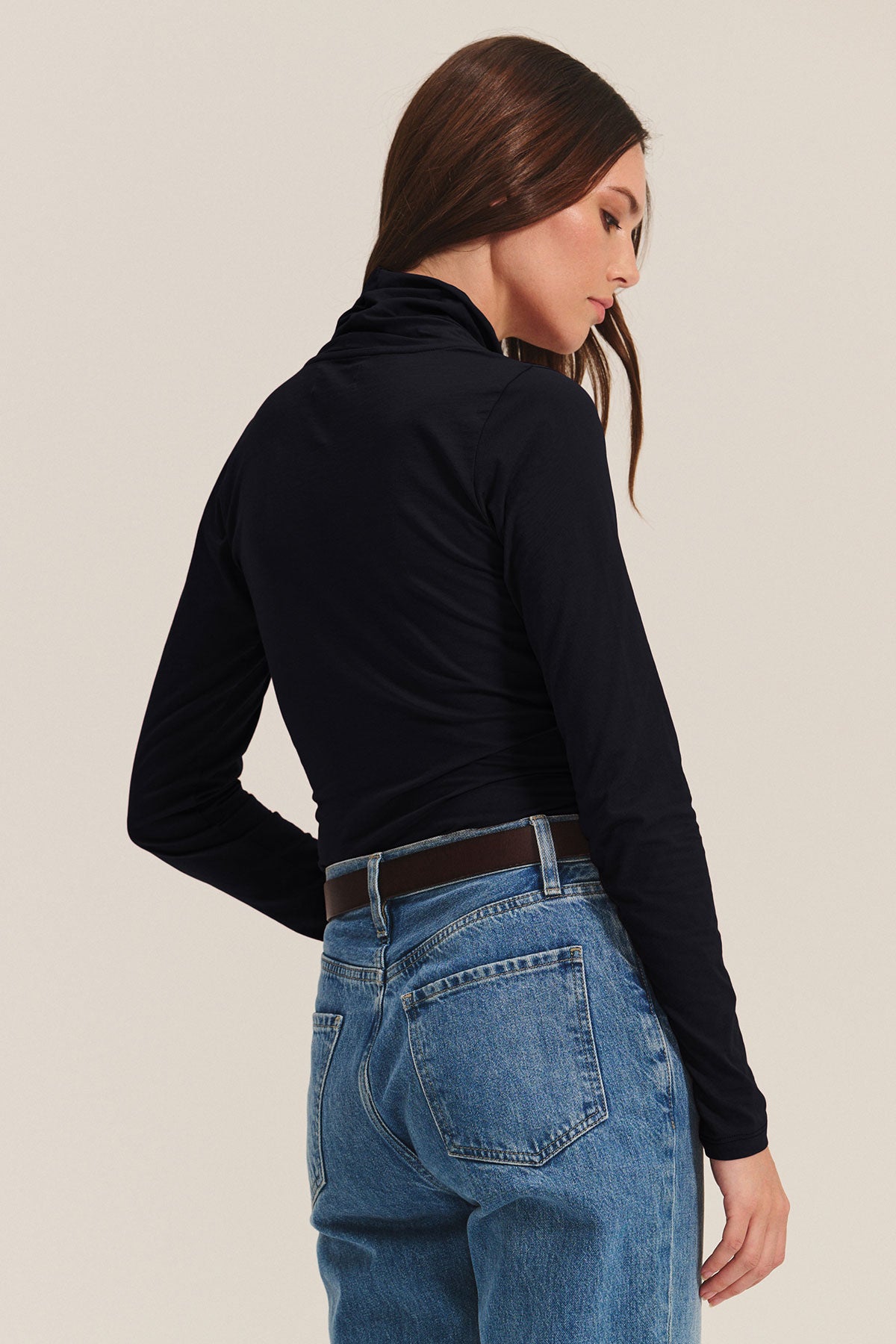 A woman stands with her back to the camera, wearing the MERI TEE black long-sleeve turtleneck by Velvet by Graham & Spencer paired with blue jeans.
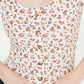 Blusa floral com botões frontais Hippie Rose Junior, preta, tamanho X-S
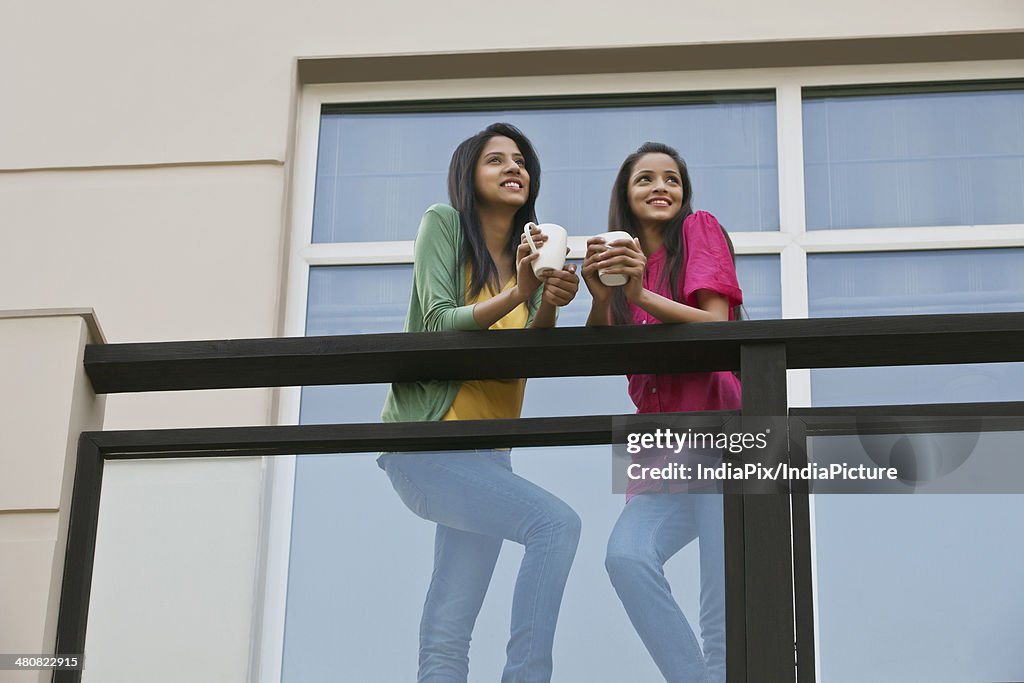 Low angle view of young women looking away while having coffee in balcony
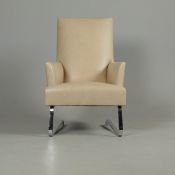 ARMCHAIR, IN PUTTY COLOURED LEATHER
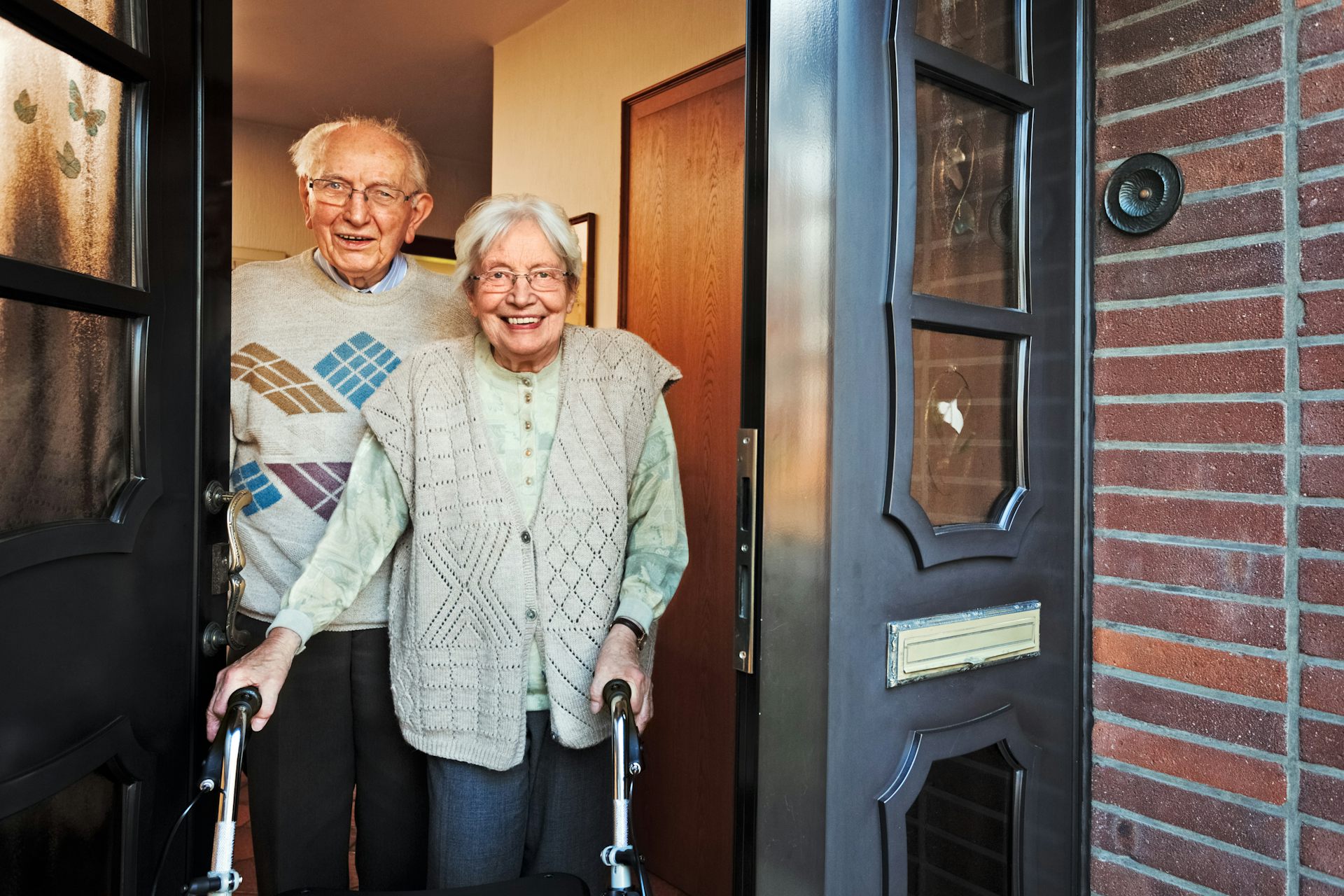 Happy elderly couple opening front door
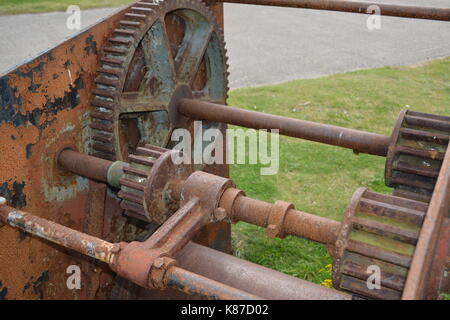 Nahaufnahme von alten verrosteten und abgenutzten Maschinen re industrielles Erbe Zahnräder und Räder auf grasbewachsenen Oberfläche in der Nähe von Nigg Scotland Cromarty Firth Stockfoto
※ ※ ※
Exercise goal:
Using the records above, extract exactly and only the lines from the one with "ARMCHAIR, IN PUTTY COLOURED LEATHER" through the final line, inclusive, leaving out pictures.

Problem solution:
 ARMCHAIR, IN PUTTY COLOURED LEATHER
 Happy elderly couple opening front door
 Nahaufnahme von alten verrosteten und abgenutzten Maschinen re industrielles Erbe Zahnräder und Räder auf grasbewachsenen Oberfläche in der Nähe von Nigg Scotland Cromarty Firth Stockfoto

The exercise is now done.